More than 19 months of investigation by Mueller and his staff have not yielded even one indictment of a single American citizen on the grounds of trying to collude with the Russian government.
Sources in the US Justice Department told CNN Wednesday that Mueller is expected to file his report on the nearly two-year-long investigation with newly minted Attorney General Bill Barr as early as next week. However, we may never see the full report, depending on what Barr allows to be published.
"The attorney general, as I understand the rules, would report to Congress about the conclusion of the investigation," Barr said in his Senate confirmation hearing last month. "I believe there may be discretion there about what the attorney general can put in that report."
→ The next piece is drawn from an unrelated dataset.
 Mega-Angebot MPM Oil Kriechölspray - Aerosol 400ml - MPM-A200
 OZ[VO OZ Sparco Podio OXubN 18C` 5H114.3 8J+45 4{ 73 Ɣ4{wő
Mueller was appointed the Office of Special Counsel by US President Donald Trump in May 2017 to investigate alleged collusion between Trump's 2016 election campaign and Russian actors, either connected to the Russian government or in the private sphere. He is also investigating alleged interference in the election by Russian actors whom US intelligence officials feared had attempted to sway the results of the election.
While Mueller's investigation has produced a number of indictments and even convictions, none of those convicted were found guilty of any kind of collusion with Russian actors. The Russian government has also consistently denied any such collusion or interference took place.
"I think that it's not going to be any surprises," former FBI special agent Coleen Rowley told Radio Sputnik's Loud and Clear Thursday. Rowley was named Time Magazine person of the year in 2002, along with two other whistleblowers. "Over the last two years, a lot of this has either leaked out, or the indictments themselves, the charges have furnished the information. So I would expect it to be pretty short and maybe just a sum-up."
"Unfortunately," Rowley told hosts Brian Becker and John Kiriakou, the media's Russiagate narrative "shows no signs of stopping at all," regardless of what Mueller's report says.
"I think the media will run with whatever Mueller comes up with, even if there is really nothing new in the report. I expect the media, in line with how it's been going, is going to make a big deal out of any little tidbit in there, even if there is some new little tidbit; otherwise they'll just rehash it again."
"Mueller doesn't necessarily have to find any collusion between Trump and Russia or Russian officials," Rowley noted, because the media has produced a wealth of reports claiming to have already uncovered that. "He can have a modicum of integrity there in not making any of those far-ranging conclusions, because the media's doing that job itself."
"I think the public, especially the Russiagate support people will complain no matter how much he makes public, and he will be wise to make as much of it public as possible," Rowley predicted. "It may be, if there is something really juicy in there, that he doesn't want to make public, he might not. However, there's going to be an outcry by not making it public."
"There's a former US assistant attorney by the name of Andrew McCarthy, who was a former prosecutor of terrorism in New York City. He's been around the block, and he knows all of these figures pretty well. He knows how the games are played. He's very right-wing and kind of aligned with the neocons and [he's] pro-war, so I really don't like the guy. I kind of even knew him a little bit in New York City when I worked there. So for a lot of reasons I'm not a big fan of Andrew McCarthy — however, I think he does have the interpretations/explanations of what went on with the Department of Justice, certain officials and the FBI and even CIA and NSA to some extent," Rowley said.
"Even before the election, when they decided to launch these counterintelligence investigations of Trump, and McCarthy says this wasn't merely of campaign officials, they were hoping that incidentally they would find Trump — and I think that's exactly right," the former FBI special agent told Sputnik. "Now that that hasn't happened, they have to then fall back and try to protect themselves, protect people like [former acting FBI Director Andrew] McCabe and others that are in a little bit of trouble. And I think that Mueller probably isn't willing to go so far as to really make up and conclude things that the evidence doesn't show."
She cautioned that the report, as well as the Russiagate narrative in general, "has a lot of really dangerous aspects for our foreign policy."
"We are ramping up — Cold War, new arms race. The American population has almost been put into a mindset of war, or preparing for war, with not only Russia but China, too, and others."